[Scraped caption text data]
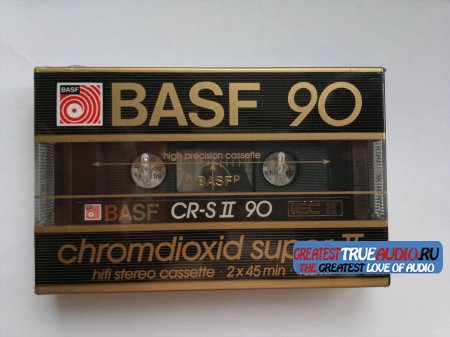 BASF SUPER CHROME 1985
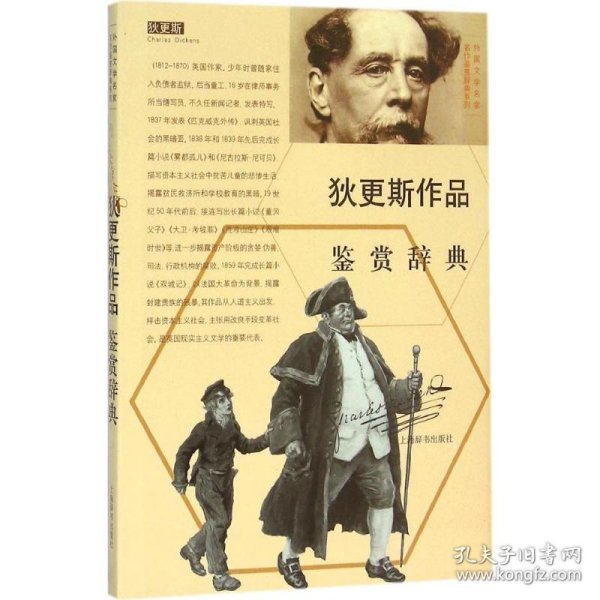 外国文学名家名作鉴赏辞典系列：狄更斯作品鉴赏辞典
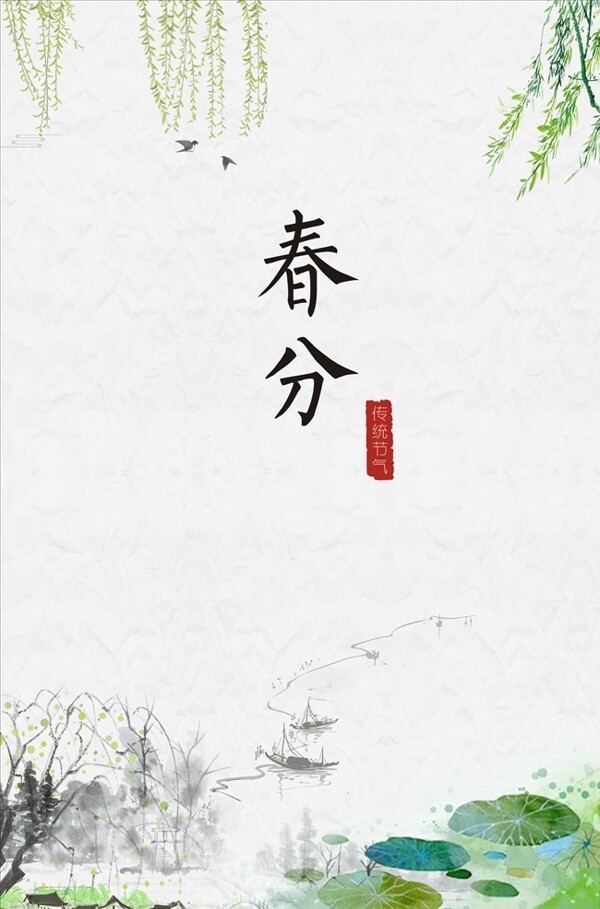 二十四節(jié)氣春分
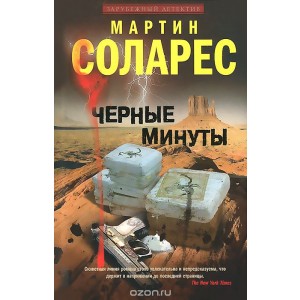 УЦп.Соларес Мартин.Черные минуты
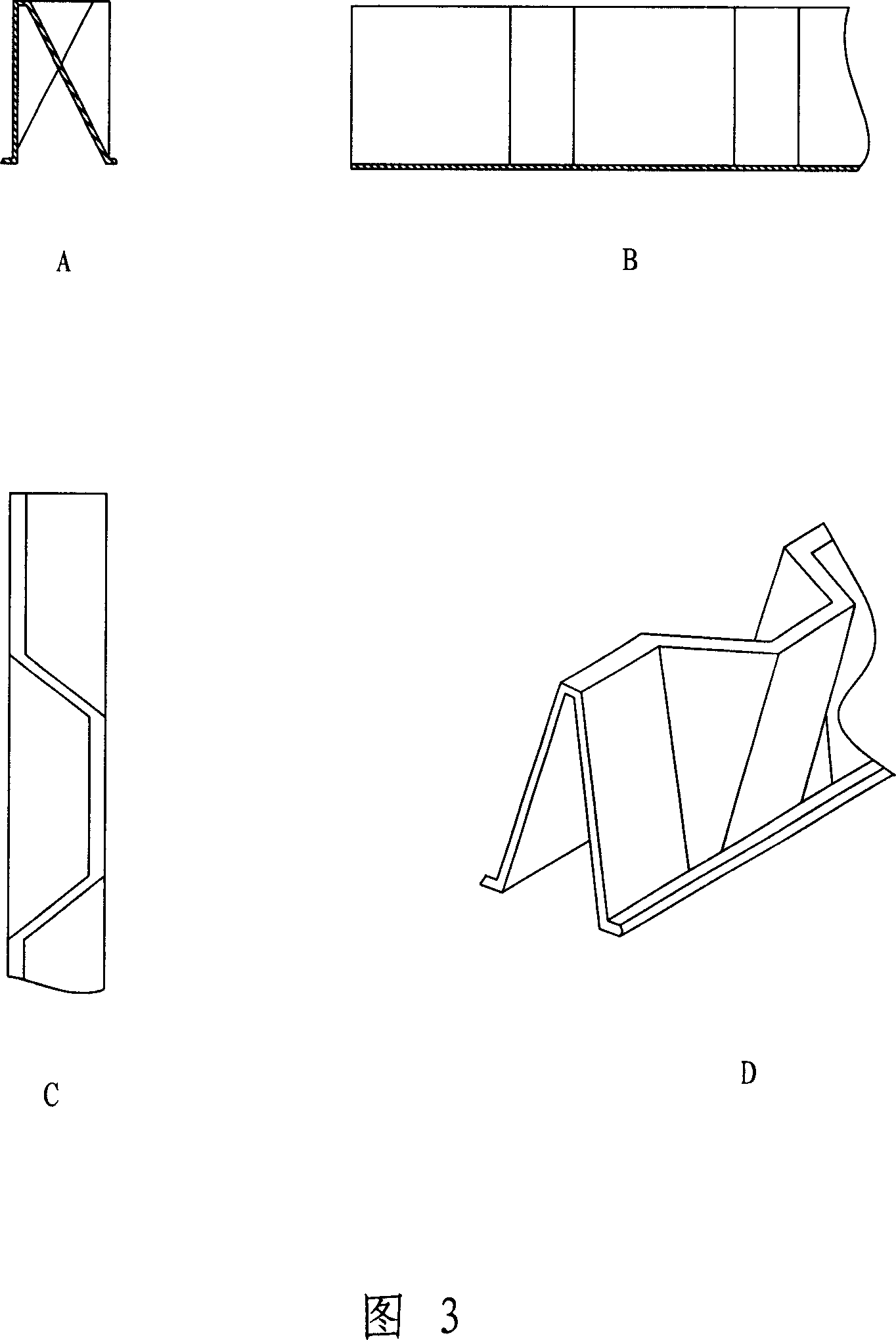 Chaos fin and plate-fin heat exchanger comprising the same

## TASK DIRECTIONS
Reproduce each entry exactly as written, but leave out the images.

## WRITTEN SOLUTION
 BASF SUPER CHROME 1985
 外国文学名家名作鉴赏辞典系列：狄更斯作品鉴赏辞典
 二十四節(jié)氣春分
 УЦп.Соларес Мартин.Черные минуты
 Chaos fin and plate-fin heat exchanger comprising the same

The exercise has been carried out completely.